── AVAILABLE DATA
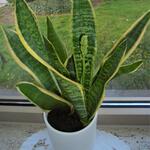 Sansevieria trifasciata var. laurentii - 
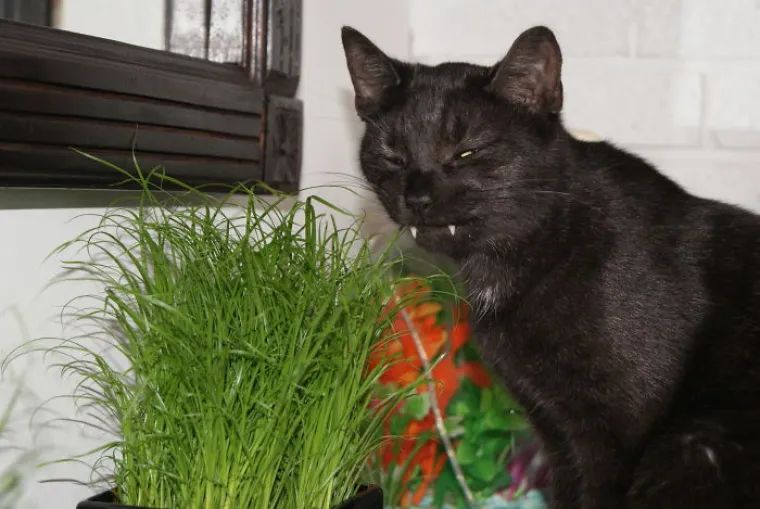 Najgore fotografije ljubimaca koje nas podsjećaju na to kako mi izgledamo kad nas prijatelj uslika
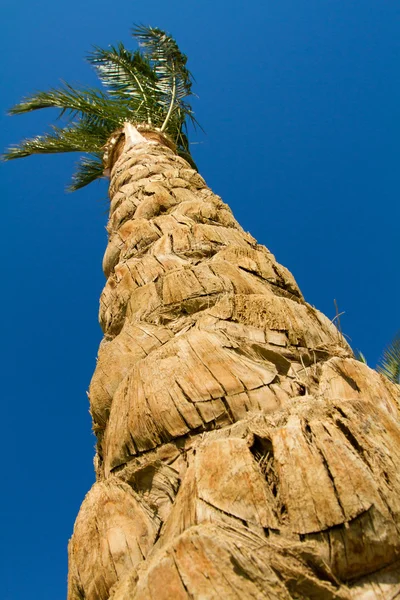 Green palm — Stock Photo, Image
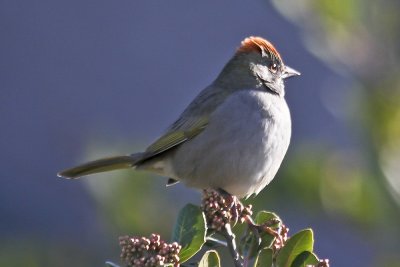 Green-tailed Towhee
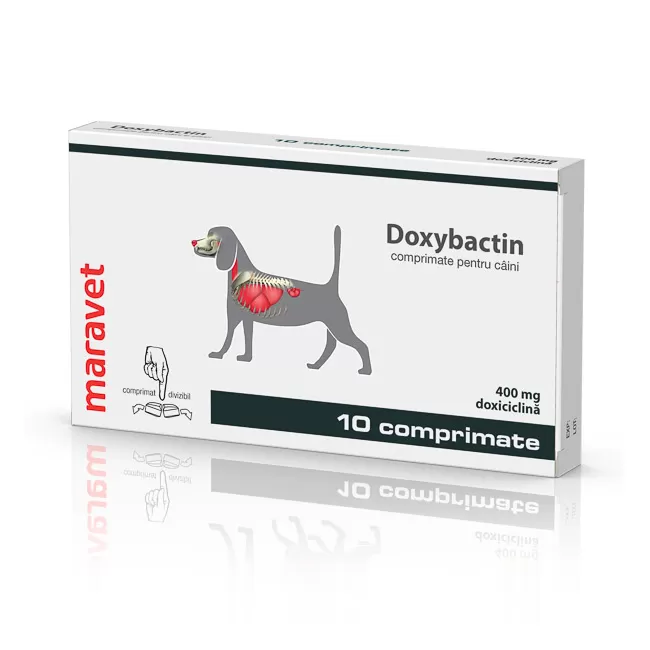 Doxybactin 400 mg - 10 tablete caine si pisica
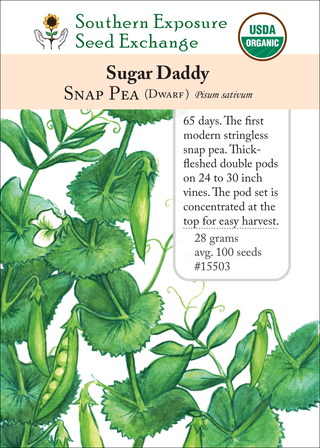 15503 - Sugar Daddy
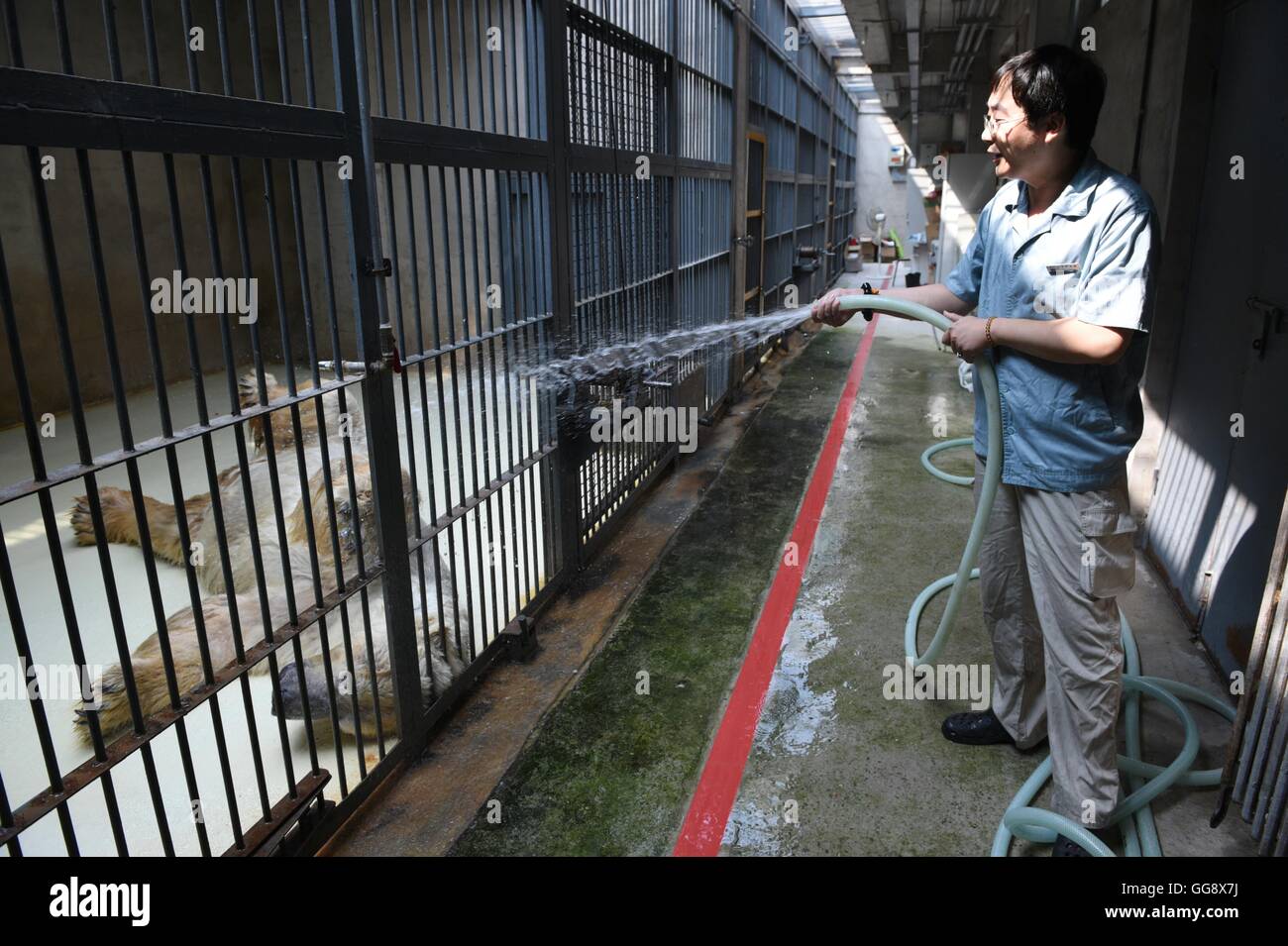 Peking, China. 10. August 2016. Ein Mitarbeiter arbeiten hilft ein Eisbär, Duschen, Sommerhitze im Zoo von Peking, die Hauptstadt von China, 10. August 2016 zu entlasten. Der Zoo hat verschiedene Maßnahmen zu helfen, die Tiere heißen Sommertagen verbringen. Bildnachweis: Ju Huanzong/Xinhua/Alamy Live-Nachrichten Stockfoto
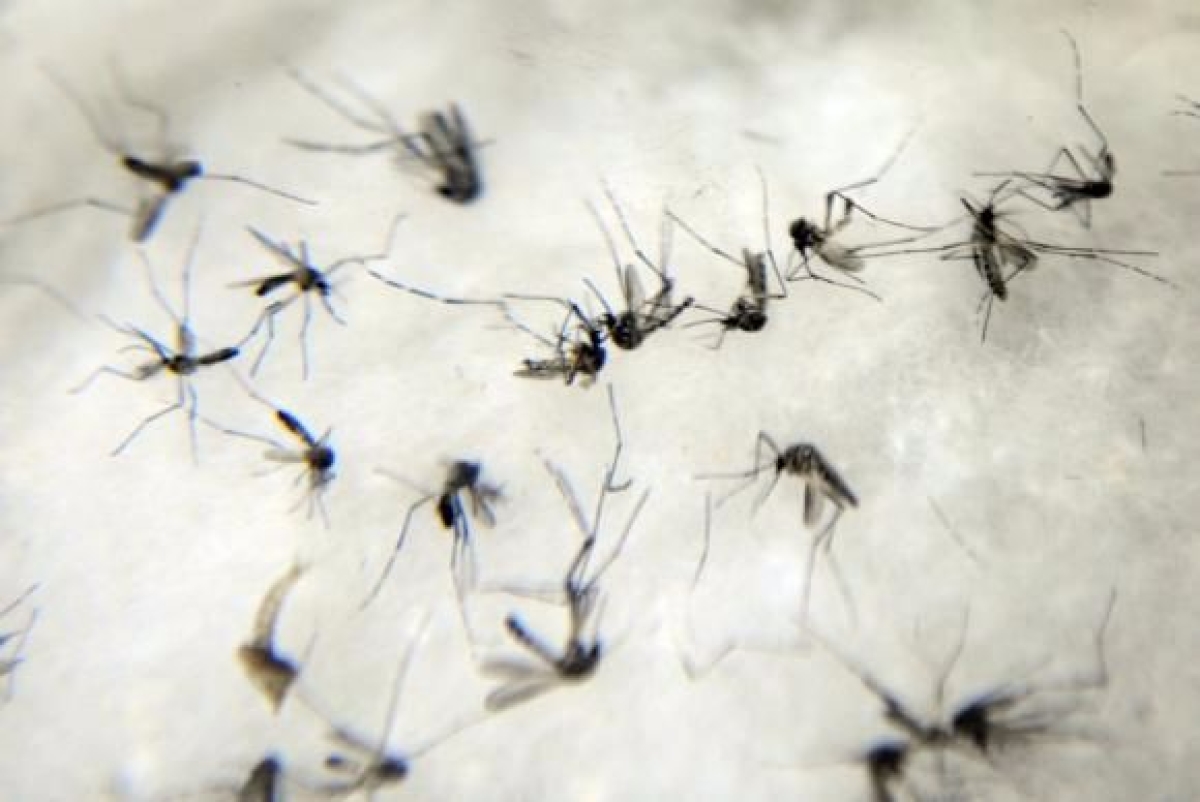 O mosquito Aedes aegypti  responsvel pela transmisso da dengue, da febre chikungunya e do vrus Zika (Imagem: Arquivo | Agncia Brasil)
────
> _EXERCISE DIRECTIONS_: The answer consists solely of the lines from the one holding "Green palm — Stock Photo, Image" through the final line of the records, both ends included, each duplicated exactly. Leave images out.

> _WRITTEN REPLY_:
 Green palm — Stock Photo, Image
 Green-tailed Towhee
 Doxybactin 400 mg - 10 tablete caine si pisica
 15503 - Sugar Daddy
 Peking, China. 10. August 2016. Ein Mitarbeiter arbeiten hilft ein Eisbär, Duschen, Sommerhitze im Zoo von Peking, die Hauptstadt von China, 10. August 2016 zu entlasten. Der Zoo hat verschiedene Maßnahmen zu helfen, die Tiere heißen Sommertagen verbringen. Bildnachweis: Ju Huanzong/Xinhua/Alamy Live-Nachrichten Stockfoto
 O mosquito Aedes aegypti  responsvel pela transmisso da dengue, da febre chikungunya e do vrus Zika (Imagem: Arquivo | Agncia Brasil)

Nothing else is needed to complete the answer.